TRY IT —
Copy out the data exactly, leaving the pictures behind.
-- Opening Marker --
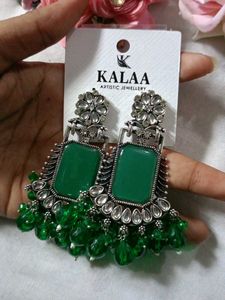 Stunning Green Dangle Earrings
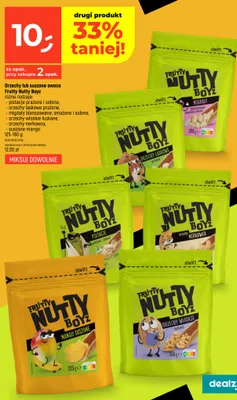 Suszone mango Frutty Nutty Boyz promocja w Dealz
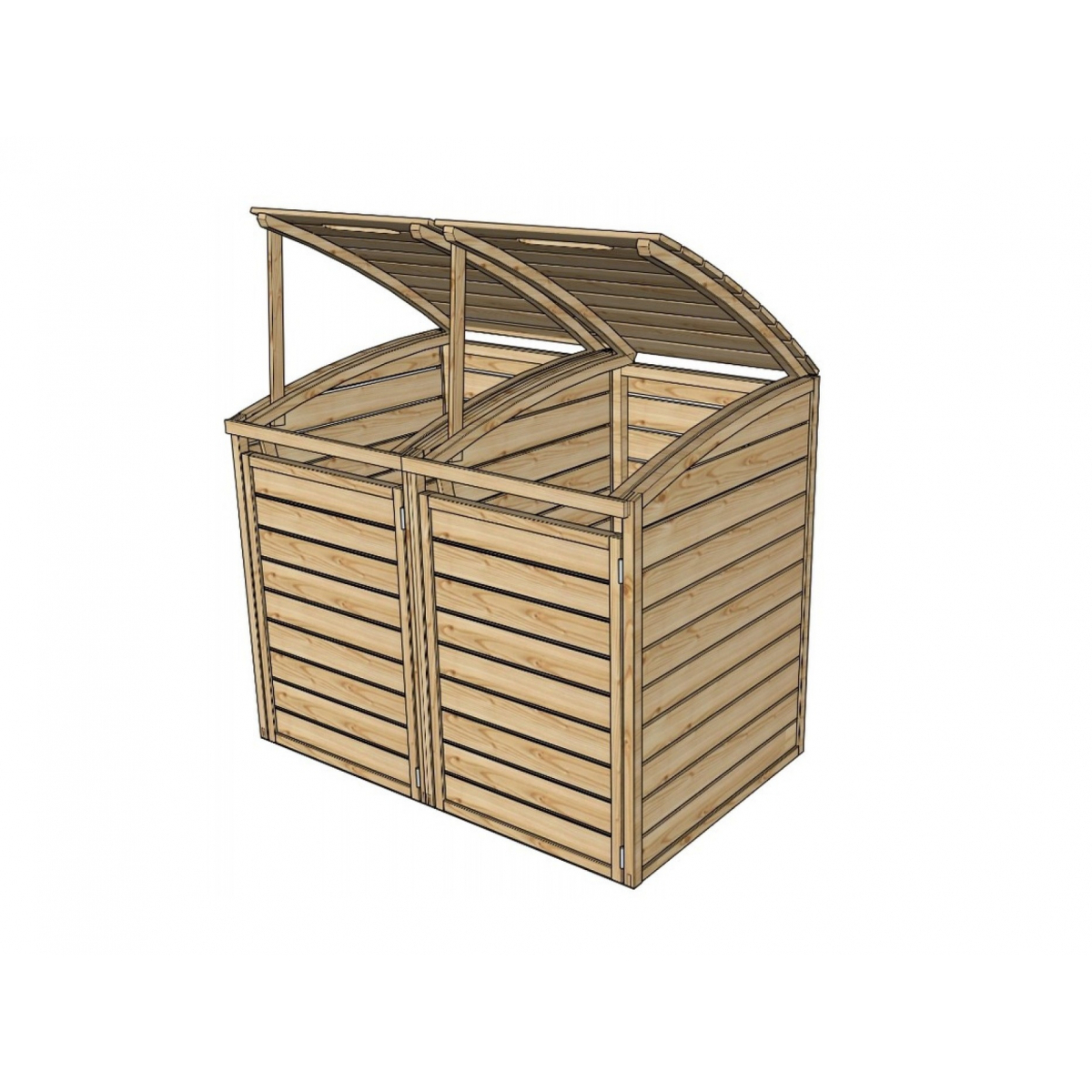 Záhradný úložný box LANITPLAST S752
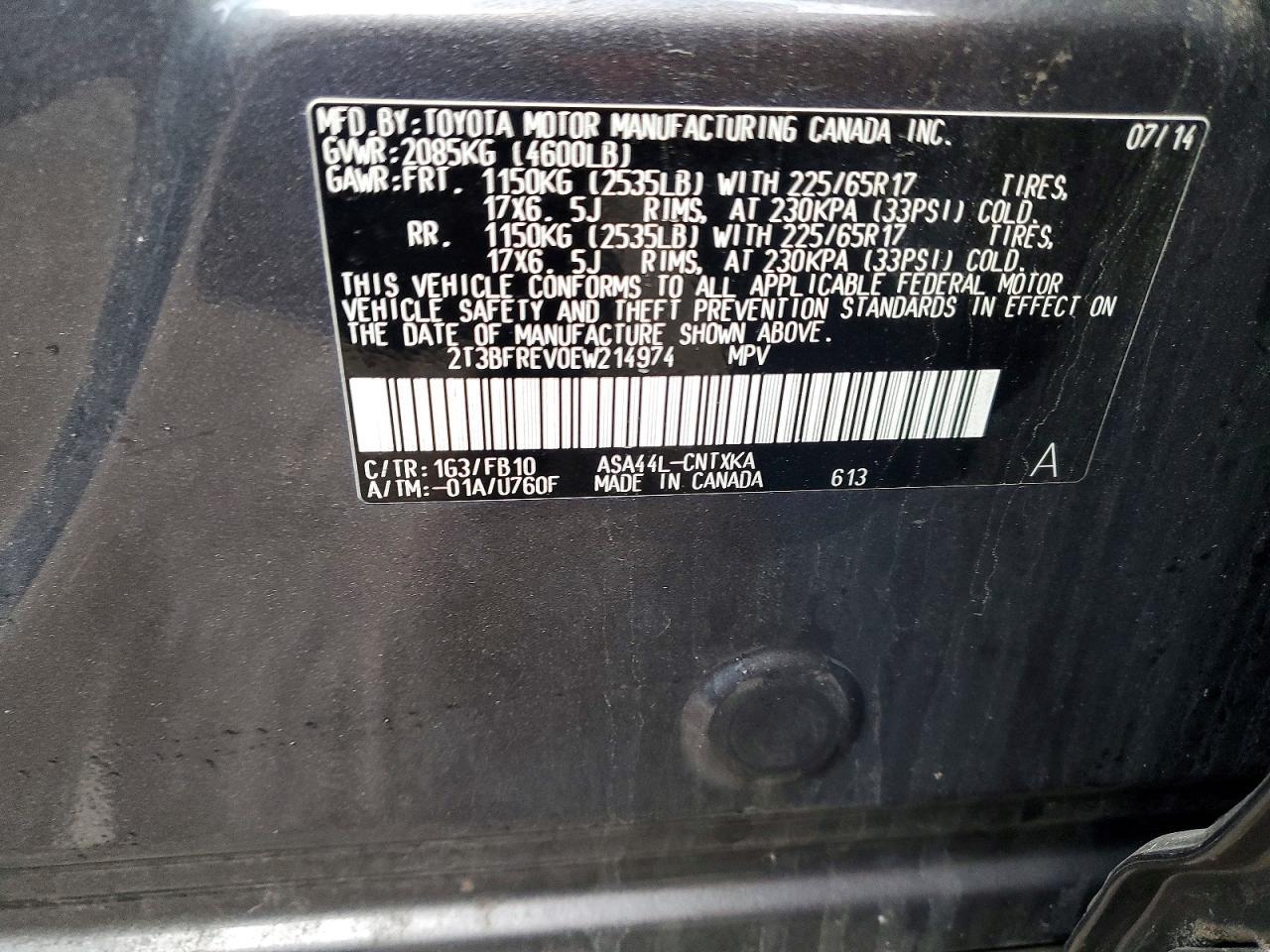 2014 TOYOTA RAV4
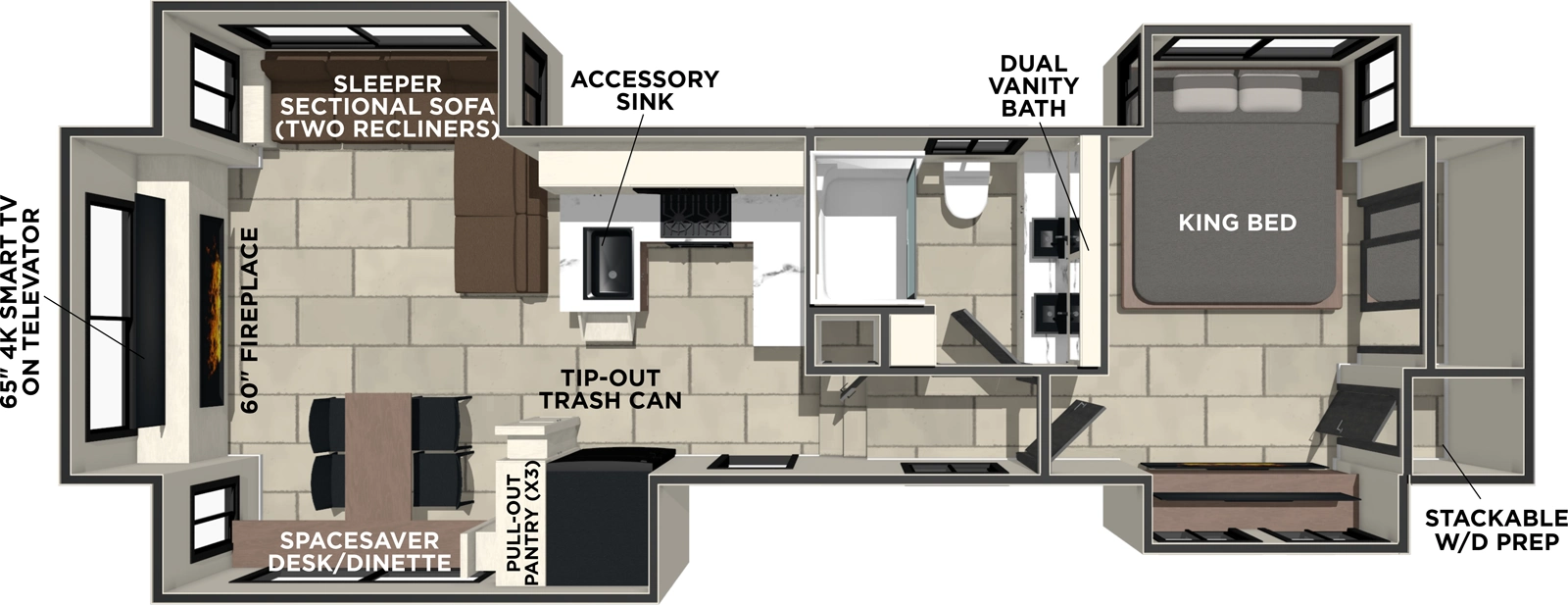 Sanibel 34LOUNGE Floorplan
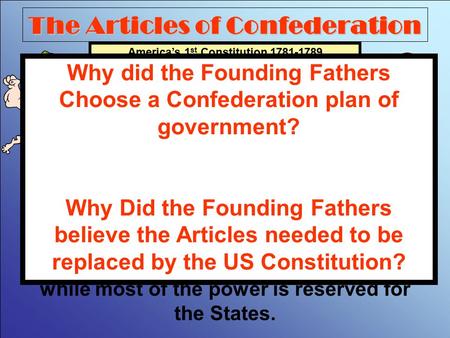 The Articles of Confederation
-- Closing Marker --
SOLUTION TO THE PROBLEM —
 Stunning Green Dangle Earrings
 Suszone mango Frutty Nutty Boyz promocja w Dealz
 Záhradný úložný box LANITPLAST S752
 2014 TOYOTA RAV4
 Sanibel 34LOUNGE Floorplan
 The Articles of Confederation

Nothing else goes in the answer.